Week 7 Monday

Week 7 Monday#

Announcements#

In-class quiz tomorrow. Based on Worksheets due tonight.
Worksheet 13 is posted, on Logistic Regression (the topic of Prof. Zhou’s lecture on Friday and the lectures this week).
Not expected to know from Friday: gradient descent for finding the coefficients beta, Matplotlib.
Next week’s quiz will be based on Worksheets 13 and 14 and this week’s lectures. (We will review the most relevant parts of Prof. Zhou’s lecture.)
Plan for today: Approximately 15 minutes of lecture, then 10-15 minutes to work (Maya and Hanson are here to answer questions), then more lecture.

import pandas as pd
import numpy as np
import altair as alt
import seaborn as sns

Predicting if a penguin is in the Chinstrap species#

Today we will use Logistic Regression with the flipper length and bill length columns in the penguins dataset to predict if a penguin is in the Chinstrap species.

df = sns.load_dataset("penguins").dropna(axis=0)

Here are the columns we’re going to use. I didn’t want to keep typing these repeatedly, so I stored them as a length two list.
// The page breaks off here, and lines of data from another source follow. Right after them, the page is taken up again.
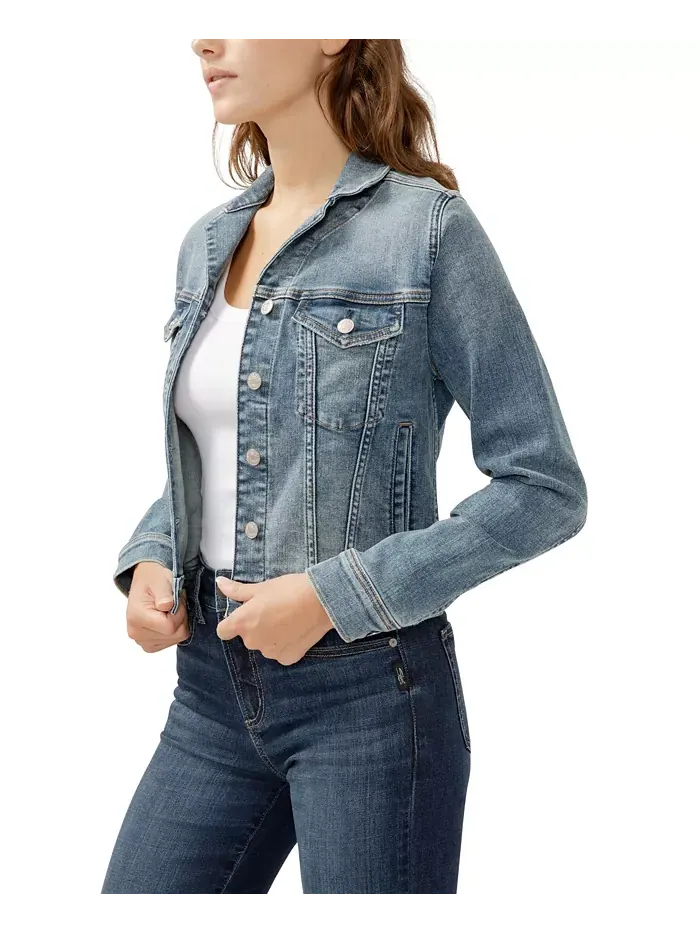 Женская укороченная джинсовая куртка с вырезом Silver Jeans Co. — изображение 5 из 5, синий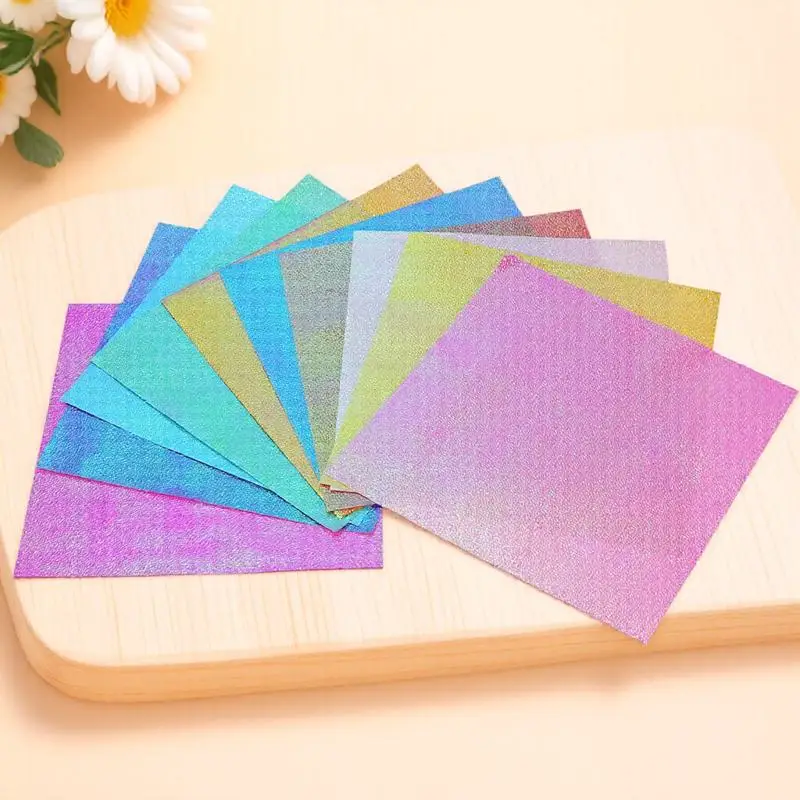 

100pcs Shiny Iridescent Folding Paper Colorful Square Craft Sheets For Diy Art Party Decor School Handicrafts Decoration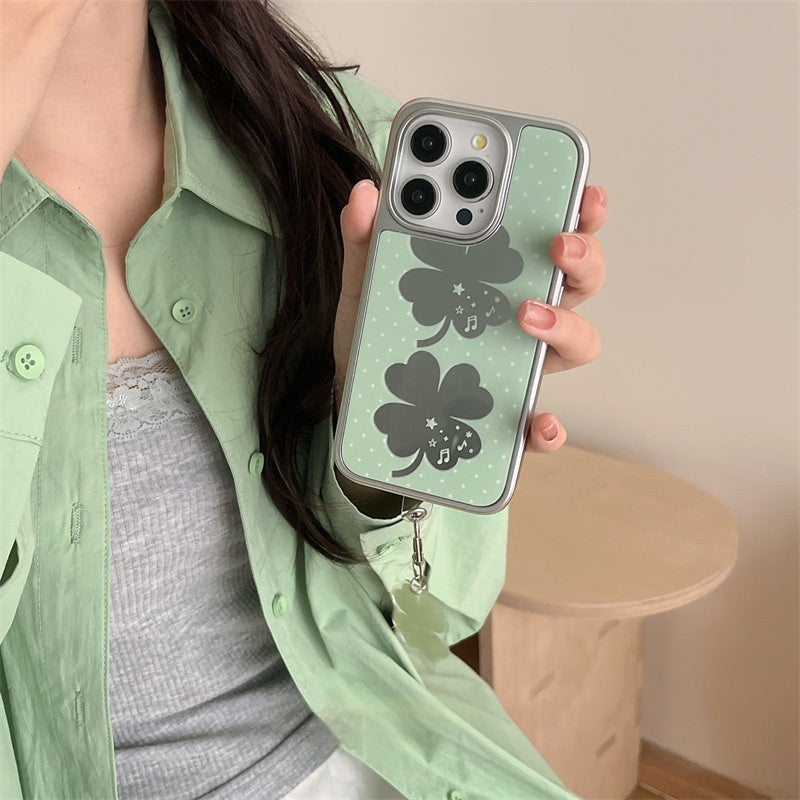 Coréen été Lucky Clover quatre feuilles miroir boîtier téléphonique 16promax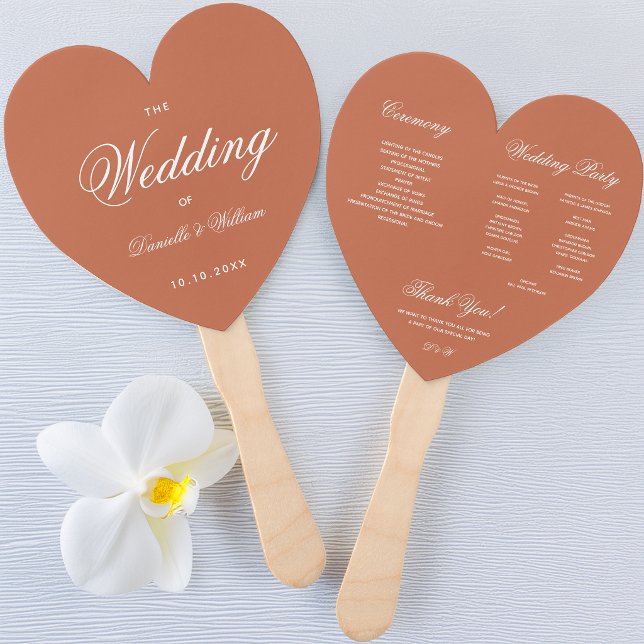 Terracotta Heart Elegant Script Wedding Program Hand Fan (Creator Uploaded)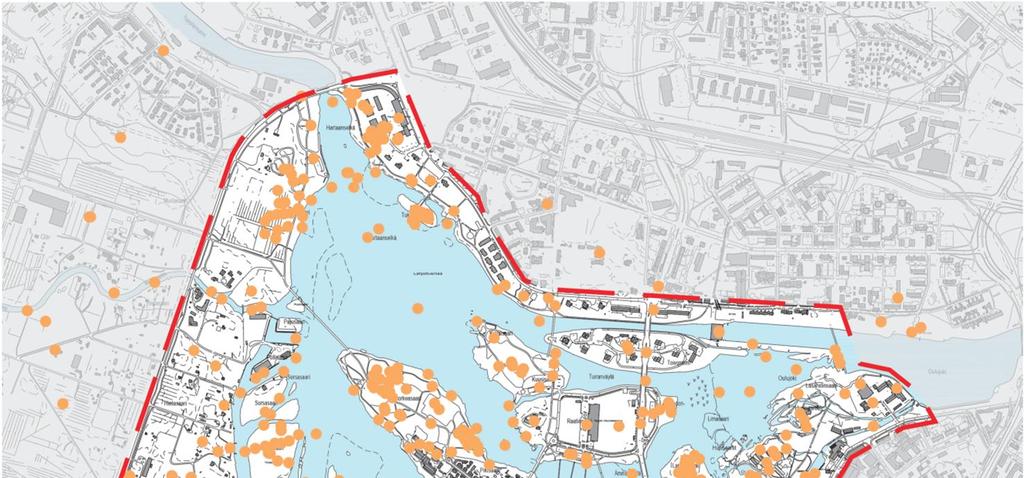 PARANNETTAVAT PAIKAT Karttapohjaisessa kysymyksessä vastaajat merkitsivät paikkoja, joita heidän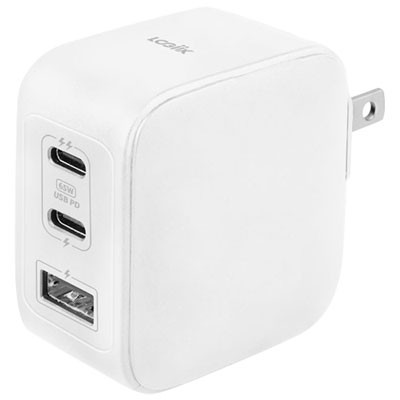 LOGiiX PowerPlus 65W USB-C/USB-A GaN Wall Charger (LGX-13702) - White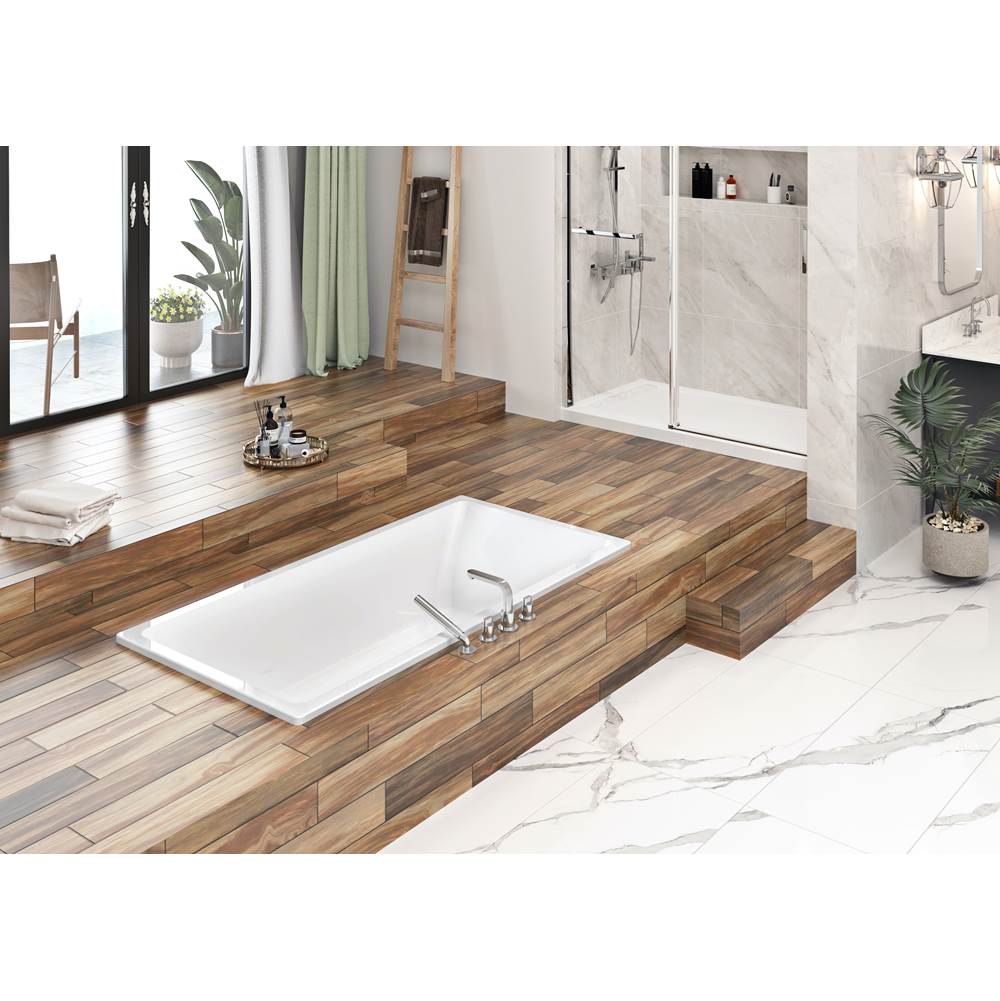 Oceania Baths Viele Deck Mount 72 x 32, Soaking Bathtub, Glossy White
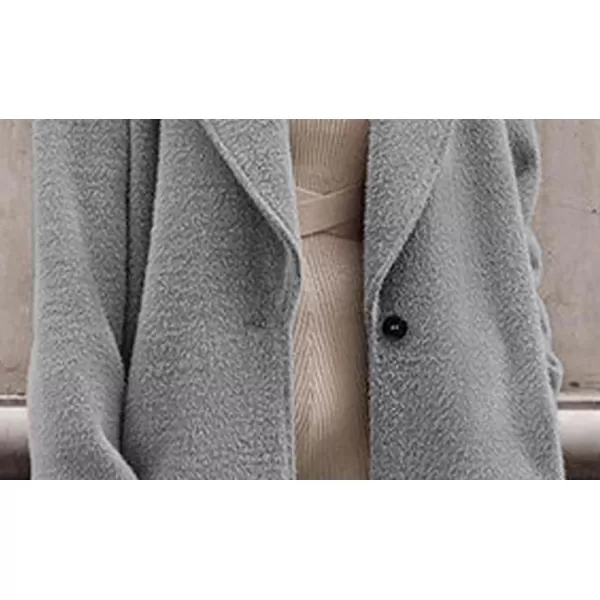 CHARTOU Women One Button Long Pea Coat Wool Blend Trench Coat Notched Lapel Open Front Cardigan Peacoat Outwear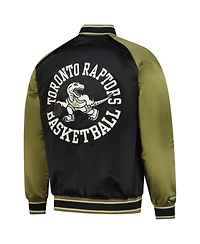 Mitchell & Ness Men's Olive/Black Toronto Raptors Clutch Satin Raglan Full-Snap Jacket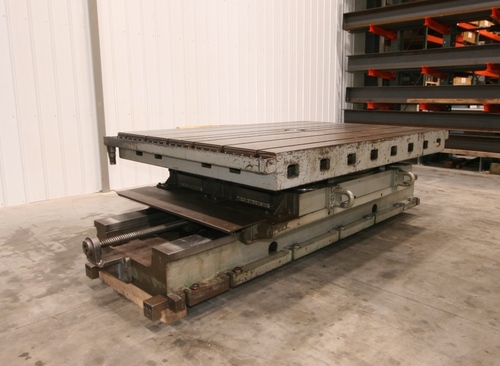 72" x 96" Giddings & Lewis air lift rotary table, 52" L/R movement, 6 T-slots, #12973 - Image 9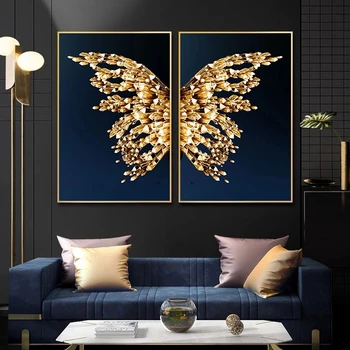 Aukso drugelio sparnai anotacija plakatas ir drobė, tapyba, Šiaurės stiliaus paveikslų, naudojamų modernių namų puošybai. Frameless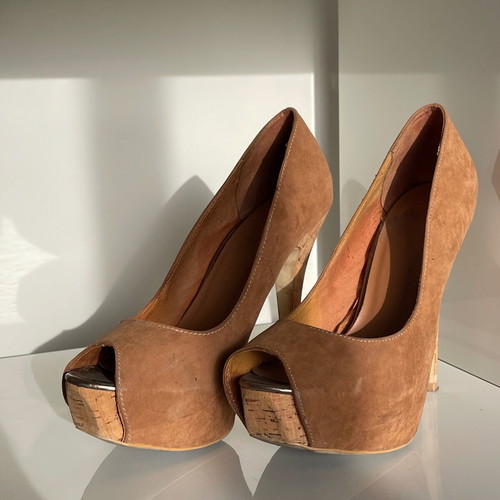 Suede Peep-Toe Shoes with Cork Platform and Heel, Used, Size 38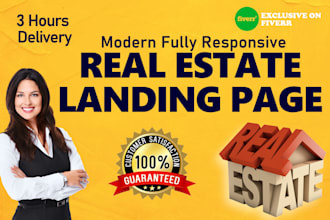 design responsive real estate landing page and website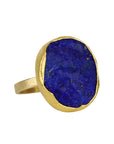 22K Gold Bezel - Set Rough Asymmetrical Lapis Lazuli Ring - Peridot Fine Jewelry - Petra Class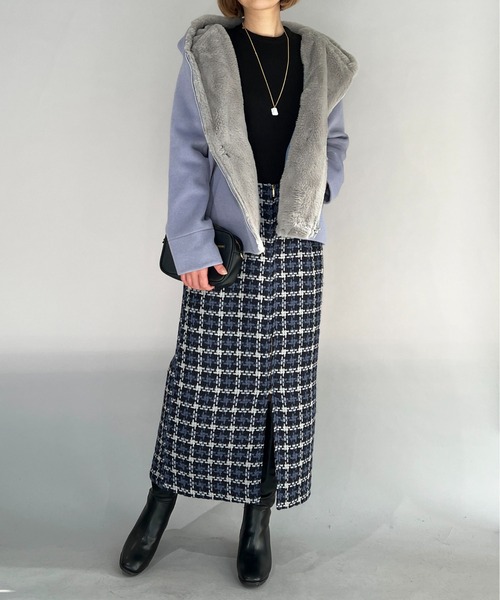 PICCIN(ピッチン)の「フードファー付きショートコート(その他アウター・レディース・グレー/サックスブルー/アイボリー・M/L)」の22枚目の写真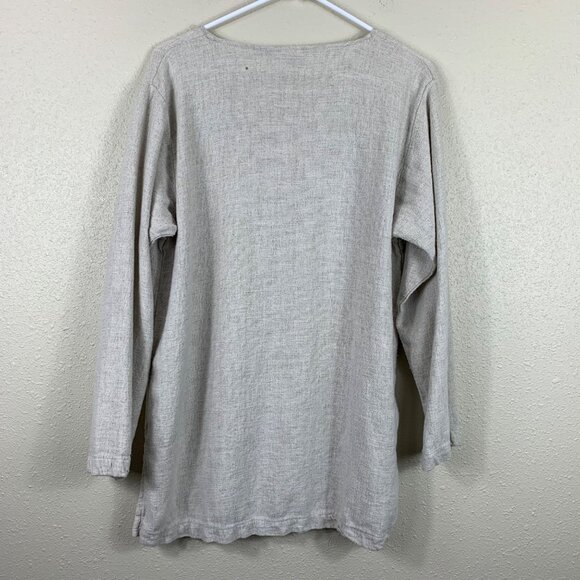 CP Shades Flax Blend Button Down Shirt Beige Sz Small Coastal Beachy - Picture 7 of 7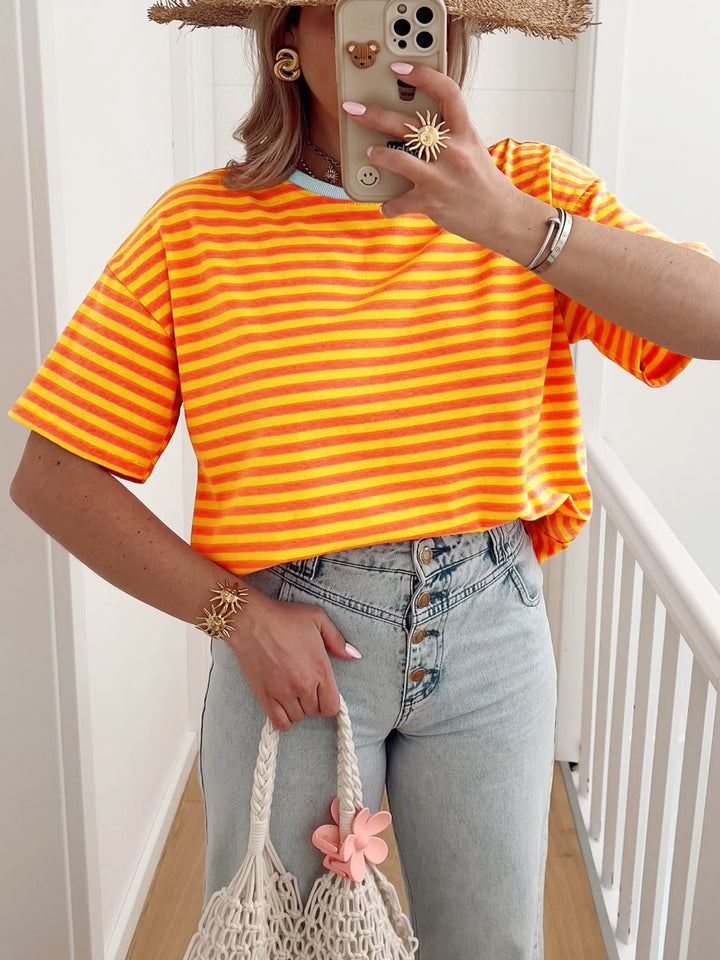 Tangerine Striped oversized drop-shoulder crew neck t-shirt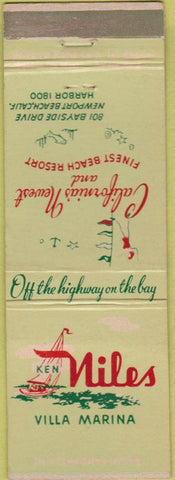 Matchbook Cover - Ken Niles Villa Marina Newport Beach CA
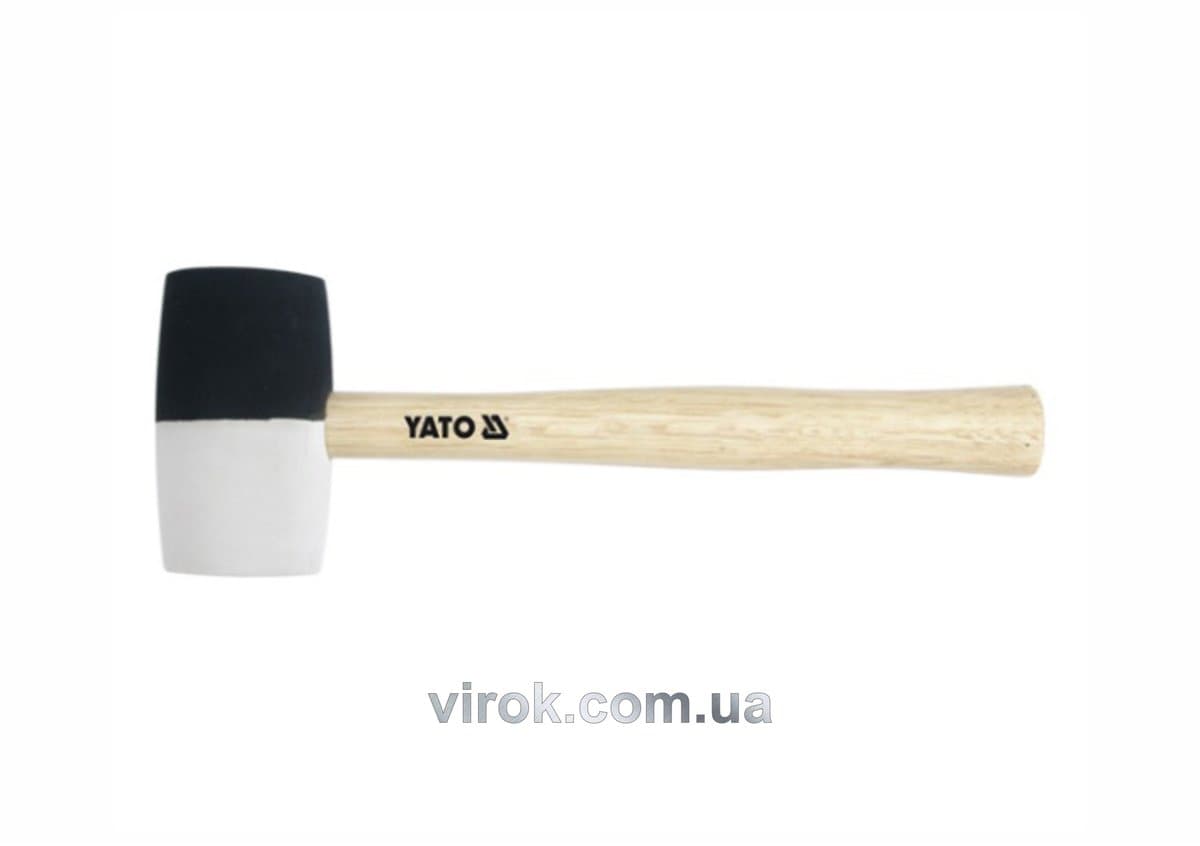 Молоток гумовий YATO 2-шаровий Ø= 50 мм з дерев. ручкою, m= 370 г, l= 300 мм [6/36]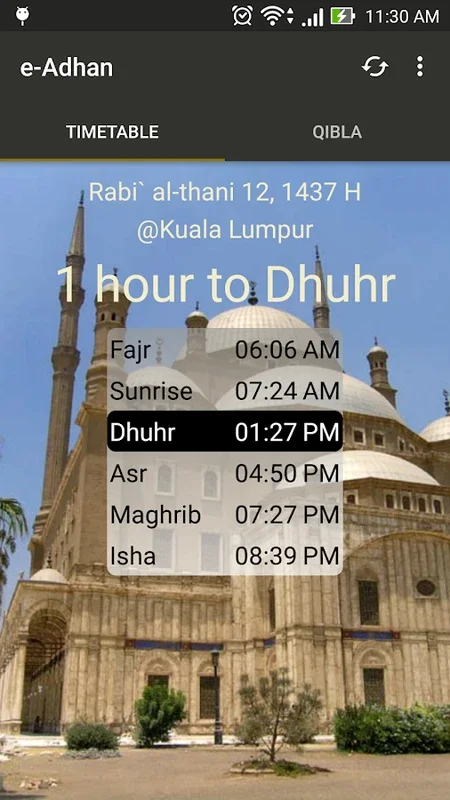 e-Adhan for Android: Efficient Prayer Notifications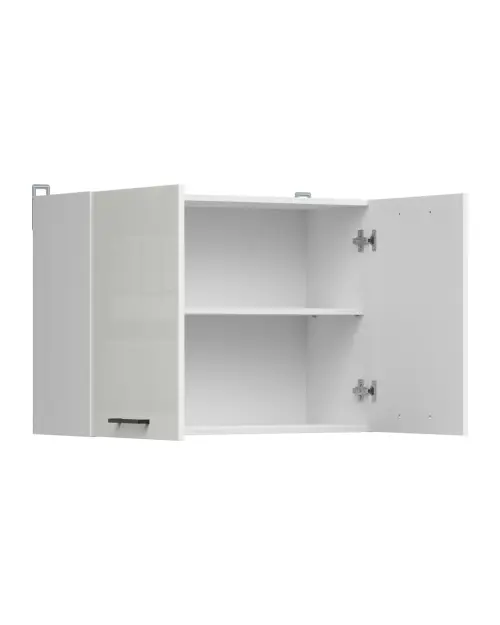 Szafka kuchenna górna Junona Line 80 cm dwudrzwiowa kreda połysk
cols = ["flipper_length_mm", "bill_length_mm"]

Here is what the true data looks like. I chose two input variables because we can visualize this easily. With three or more input variables, I wouldn’t be able to draw a chart like the following showing all the information.

When you look at the following, you should be thinking that we will be inputting the flipper length and the bill length, and outputting a prediction for whether a penguin belongs to the Chinstrap species.

alt.Chart(df).mark_circle().encode(
    x=alt.X(cols[0], scale=alt.Scale(zero=False)),
    y=alt.Y(cols[1], scale=alt.Scale(zero=False)),
    color="species"
)

The procedure is basically the same as for Linear Regression.

First we import.

from sklearn.linear_model import LogisticRegression

Then we instantiate. The convention is to name this object clf, for “classifier”, since we will be performing classification, not regression.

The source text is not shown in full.